What the task requires -> Print exactly, and only, the lines from the one containing "X0000091291210200708311310" through the last line of the records below, both included; leave out the pictures.

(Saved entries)
__________________________________________________
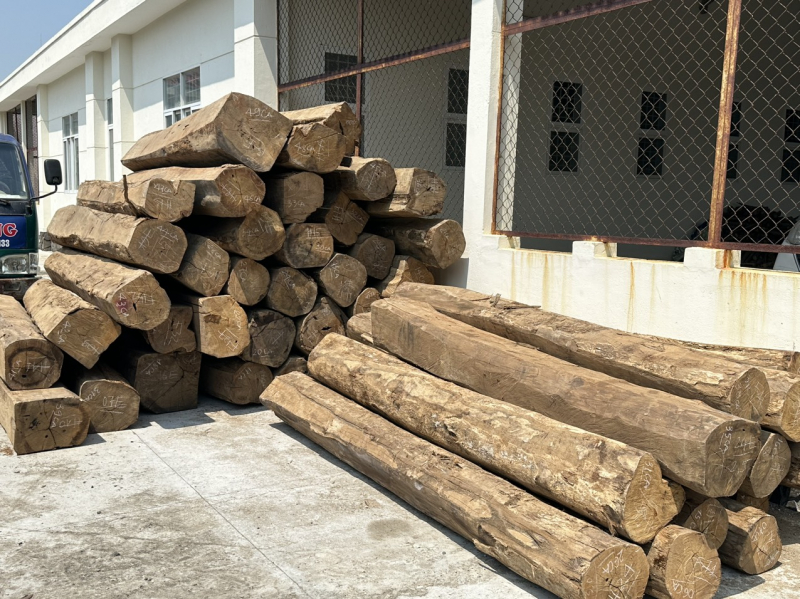 Tạm giữ gần 19m3 gỗ trên xe tải có hóa đơn chứng từ với dấu hiệu bất thường -0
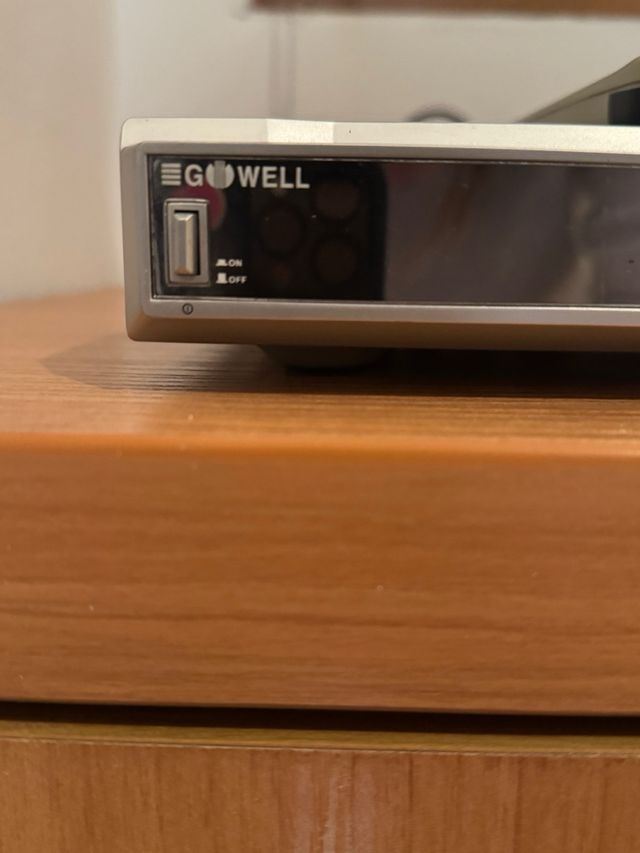 Reproductor DVD Go Well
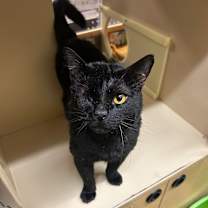 Thumbnail photo of Senor #3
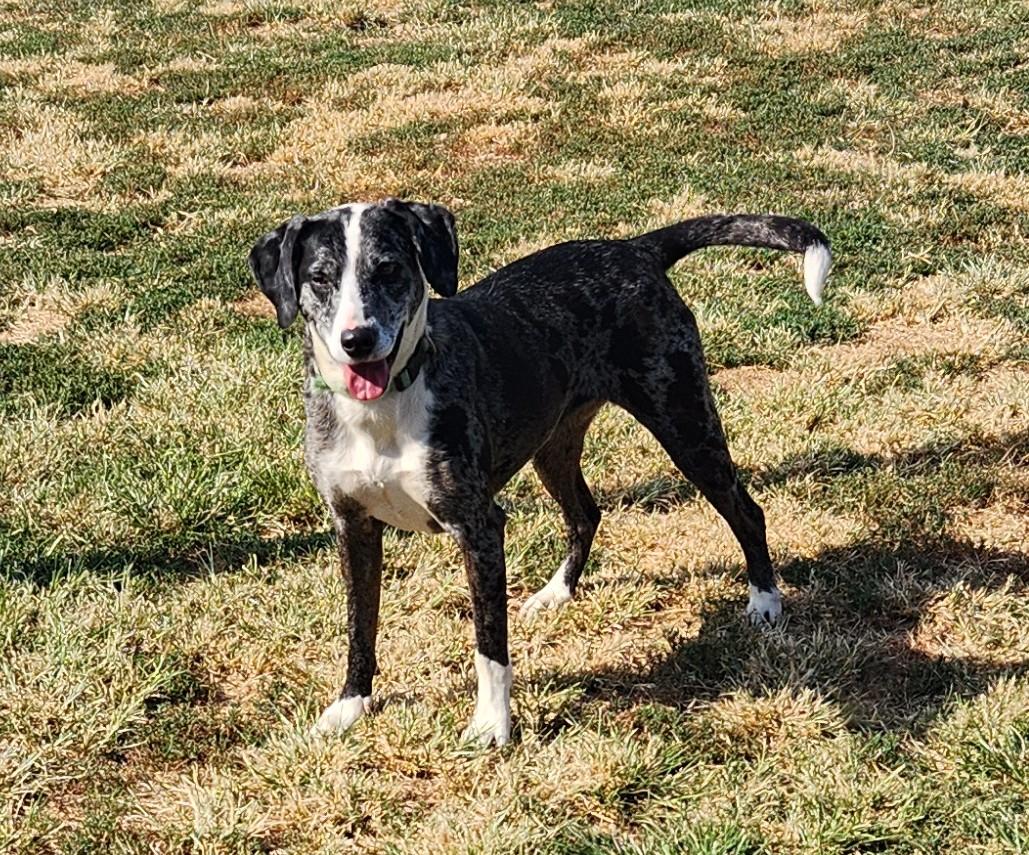 Blue Bell, an adopted mixed breed in Siloam Springs, AR image 3/4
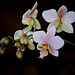 Phalaenopsis wiganae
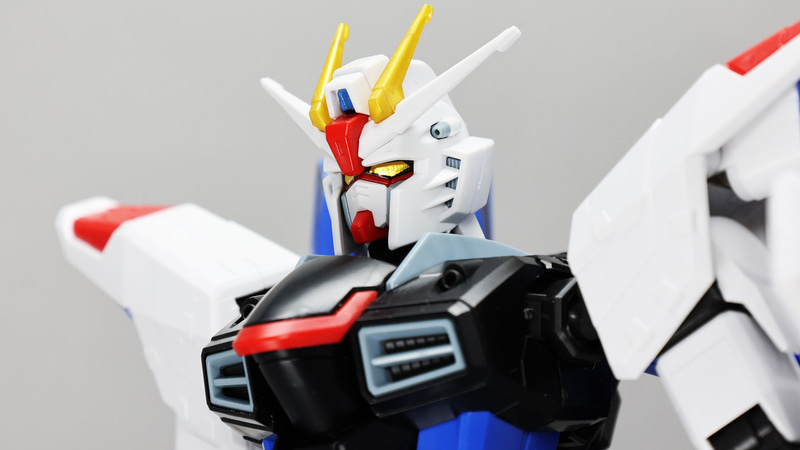 頭部がほんのちょっとだけ大きいイメージでしょうか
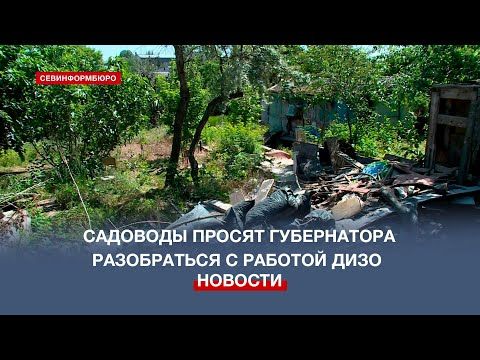 Севастопольские садоводы просят губернатора защитить их дачи от произвола ДИЗО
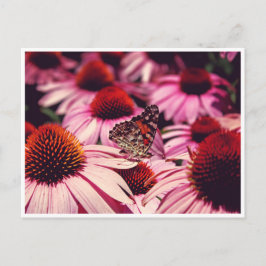 Papillon Vykort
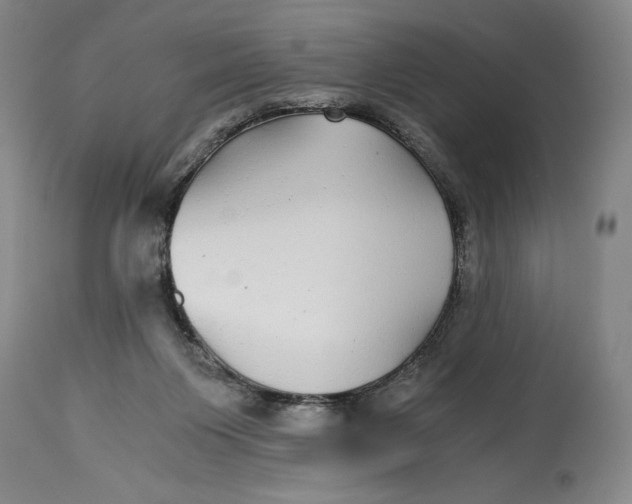 X0000114390119200911061524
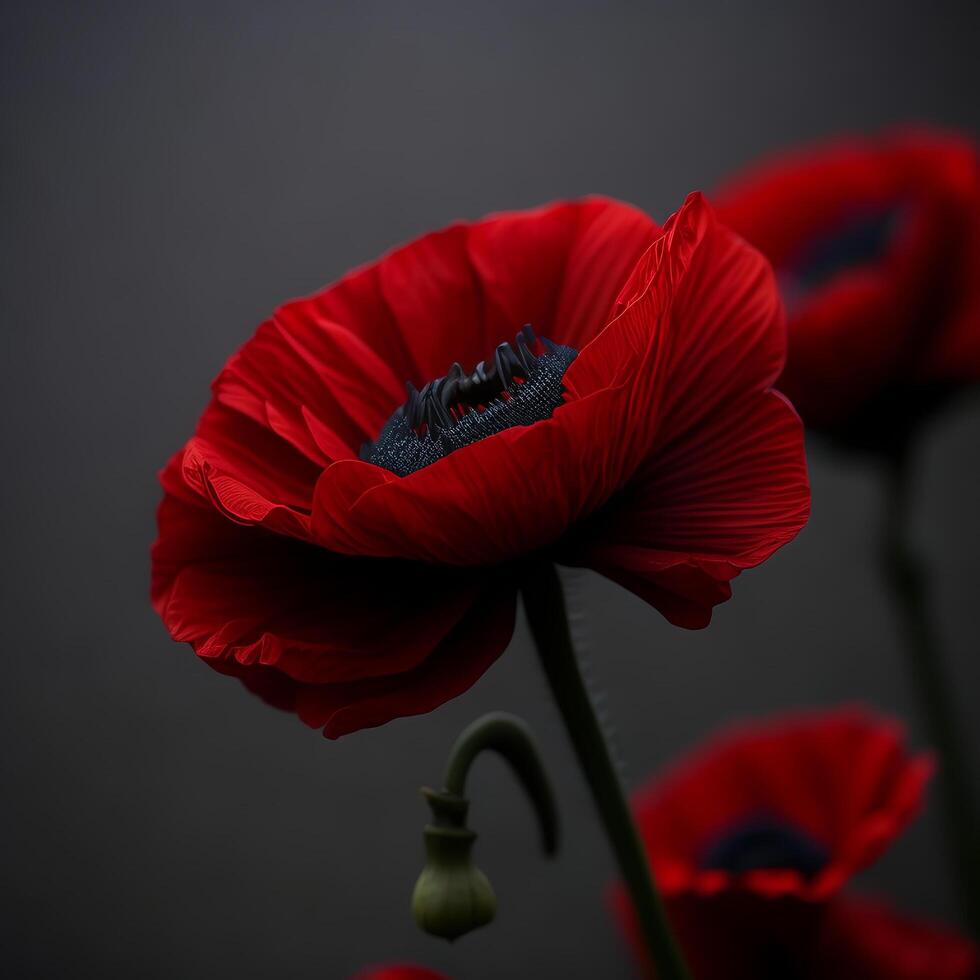 rouge coquelicot Floraison avec ai génératif photo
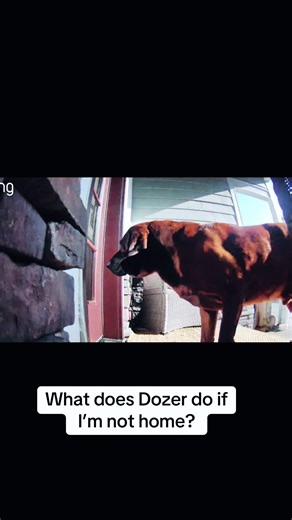 Dozer's Village Adventures: A Heartwarming Story of Support and Friendship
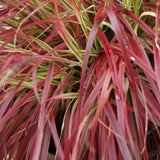 Green boutiQ - Ziergräser - Uncinia rubra Everflame - Rot - 2 Pflanzen - Immergrün - Wenig Pflege - Topf 17cm Höhe 50cm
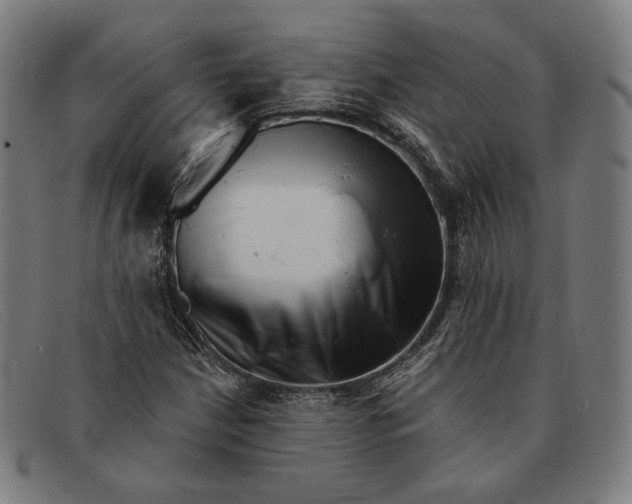 X0000091291210200708311310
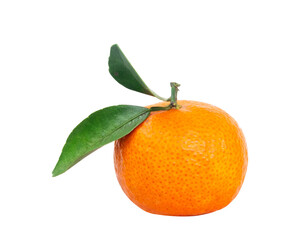 single tangerine with leaves isolated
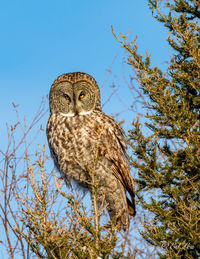 Great gray owl hunting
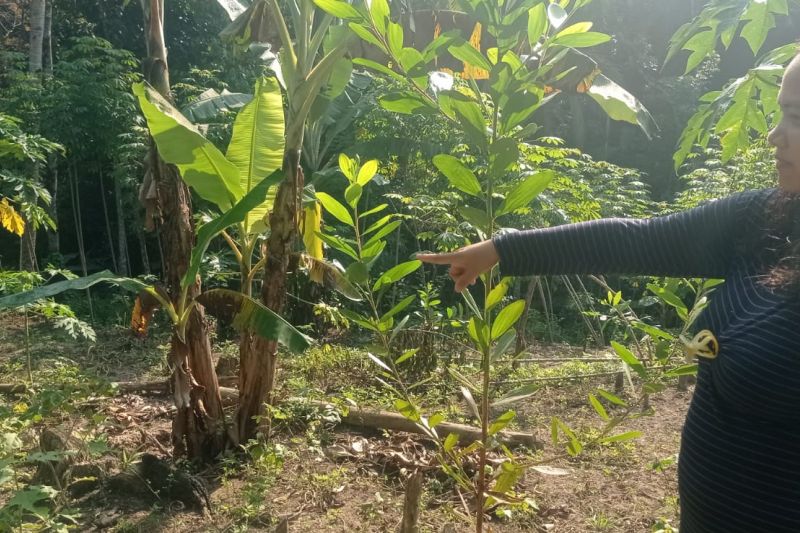Petani Lebak Menjerit! Gagal Panen Gara-gara Diserang Gerombolan Babi Hutan, Rugi Jutaan Rupiah!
__________________________________________________
Exercise result ->
 X0000091291210200708311310
 single tangerine with leaves isolated
 Great gray owl hunting
Petani Lebak Menjerit! Gagal Panen Gara-gara Diserang Gerombolan Babi Hutan, Rugi Jutaan Rupiah!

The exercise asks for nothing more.